The article then went on to enumerate the various efforts being made by the principals involved with this renewed effort and concluded by noting that: “Such a project is not without precedent. Plans were underway for a Portrait Gallery of Canada around two decades ago, when Jean Chrétien was prime minister.”
Sadly lacking in this account was any reference to the late Lilly Koltun, the indefatigable cultural warrior who was the last person to actually hold the title of Director General, National Portrait Gallery of Canada before the government of Stephen Harper finally laid it all to waste in the fall of 2009.
Writing in the business section of the Globe and Mail in September of that year, James Bradshaw observed that the bulk of the collection, is currently held in storage by Library and Archives Canada and contains more than 20,000 paintings, drawings and prints, four million photographs and thousands of caricatures. “But it is also known for its variety and its populism, featuring images both of and by average Canadians as well as the requisite major figures,” wrote Bradshaw.

The breadth of the collection, especially in regard to class, gender and ethnocultural inclusivity was especially important to Koltun, who also taught art history at the University of Ottawa.

I met Dr. Koltun while attending an academic conference in Ottawa in the spring of 2009. By that time, the soon to be past director general of the National Portrait Gallery was already engaged in a rearguard action to save the institution that the Harper government had actually killed in 2007.

With the prospect of a permanent gallery booted to the street, it was, ironically, in the street that I encountered a guerilla-exhibition curated by the amazingly resourceful Koltun, that saw portraits and photographs (digitalized reproductions for this outdoor exhibit) literally hung on the side of a building that brought attention to this breathtaking collection portraying the country’s cultural heritage in a representational way that I would not have anticipated.

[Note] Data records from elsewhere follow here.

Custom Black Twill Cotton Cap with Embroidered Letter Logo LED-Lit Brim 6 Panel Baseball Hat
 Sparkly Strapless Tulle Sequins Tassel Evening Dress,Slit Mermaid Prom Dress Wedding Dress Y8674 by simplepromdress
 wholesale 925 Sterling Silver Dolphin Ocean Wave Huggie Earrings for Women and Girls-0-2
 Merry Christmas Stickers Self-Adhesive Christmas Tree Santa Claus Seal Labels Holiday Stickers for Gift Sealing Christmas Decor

The Portrait Gallery is not a collection of images that depict only royalty, the political classes and the credentialed elite of civil and academic society. It is a rich amalgamation of the working class as well as the upper class. Those whose praises have been sung as well as the unsung. It is a national treasure that belongs to all Canadians and hopefully, Lilly Koltun’s dream may finally have a chance to be realized.